Natalia Ariño, de Fada, sostiene que “la participación de la producción primaria en la elaboración no tiene una gran incidencia”, por lo cual insiste en que ese esquema de febrero se va a mantener. Esto, pese a que reconoce un aumento del 67% del precio en pesos del trigo de febrero a julio, que lo achaca a “la devaluación por la cotización del dólar” y a “una cuestión internacional”, en función de que sostienen que es el mercado internacional quien fija el precio. En ese mismo período, el precio de la tonelada de trigo en dólares varió un 21% (de 175 a 215 dólares), mientras que el dólar en Argentina cotizó de 20 pesos a 28, siempre en el período entre febrero y julio de 2018.

Diego Cifarelli, de Industriales Molineros, reconoce el aumento del trigo y la harina, pero lo relaciona “fundamentalmente al mercado”, entendiendo que es el actor que está traccionando los precios en el mercado interno. “El trigo vale (en el mercado interno) lo que determina el precio internacional. Hay excepciones; cuando no hay la oferta suficiente para que los molinos locales satisfagan su demanda, entonces el trigo puede valer más que lo que fija el precio internacional”. Desde su análisis, las inundaciones en el campo generaron esa falta de oferta, factor que considera el causal del aumento del commodity, y no la quita de retenciones o la devaluación cuando fue consultado por ello.

En relación a las retenciones a la exportación de trigo, que a fines de 2015 eran del 23% y hoy ya no forman parte de las políticas de gobierno, Cifarelli lo considera un sistema que “castigaba al productor generando un excedente que iba al Estado”. Asimismo explicó que con políticas proteccionistas, el Estado obligaba a vender a un precio determinado la harina, y obligaba a vender el pan a determinado precio, pero ese valor del pan no se cumplía”, ya que “era muy difícil controlar a todas (las panaderías)”.

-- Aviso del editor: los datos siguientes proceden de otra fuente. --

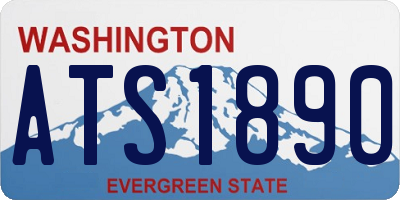 WA license plate ATS1890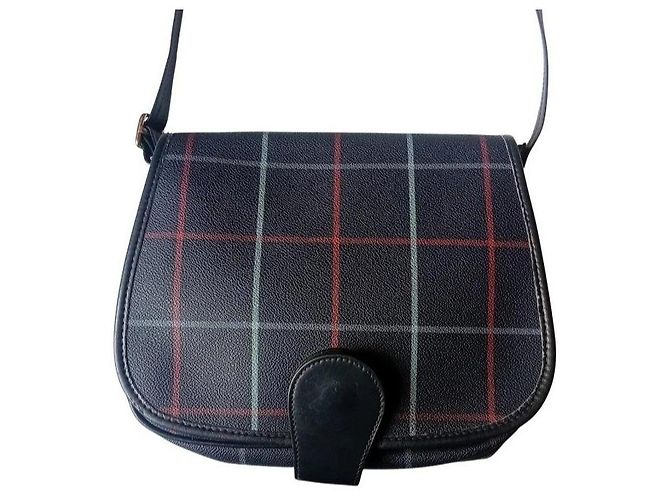 Burberrys Borsa a tracolla Nova Check Rosso Grigio Blu scuro - vista 3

El estado ya no interviene

Desde otra perspectiva, el economista e integrante del Centro de Economía Política Argentina (Cepa) Juan Cruz Lucero analiza y afirma que la devaluación es causal del aumento del precio del trigo en el mercado interno, pero aporta otro factor. “La quita de los Registros de Operaciones de Exportación (ROE) libera la situación de los productores y exportadores que los lleva a exportar prácticamente todo lo que tienen y eso te deja sin cantidades para el mercado interno”. Este registro se instaló en 2008 con la idea de garantizar un nivel de stock al mercado interno al precio interno subsidiado. Para Lucero, esa quita significa que “ahora el mercado decide, ése es el mensaje, y el mercado va a elegir el lugar donde haya mayor rentabilidad”.

Si en algo coincide su análisis con lo expuesto por Fada o Faim, es en el hecho de que “el Estado ya no interviene más”, aunque con otra lógica sobre esa realidad, basada en que dicha ausencia genera que “el precio internacional es la referencia que tracciona los precios para el mercado local”, y “hay menos cantidad para el mercado interno, con lo cual es más caro”. Consideró fundamental las retenciones como herramienta, para abastecer el mercado interno y las arcas públicas con posterior destino a subsidios, y concluyó: “Cuando no tenés ningún tipo de control, vas a hacer lo que a vos te convenga (como productor), y uno no puede pretender que los empresarios hagan gestas patrióticas y pierdan plata, por eso el problema es el accionar del Estado”.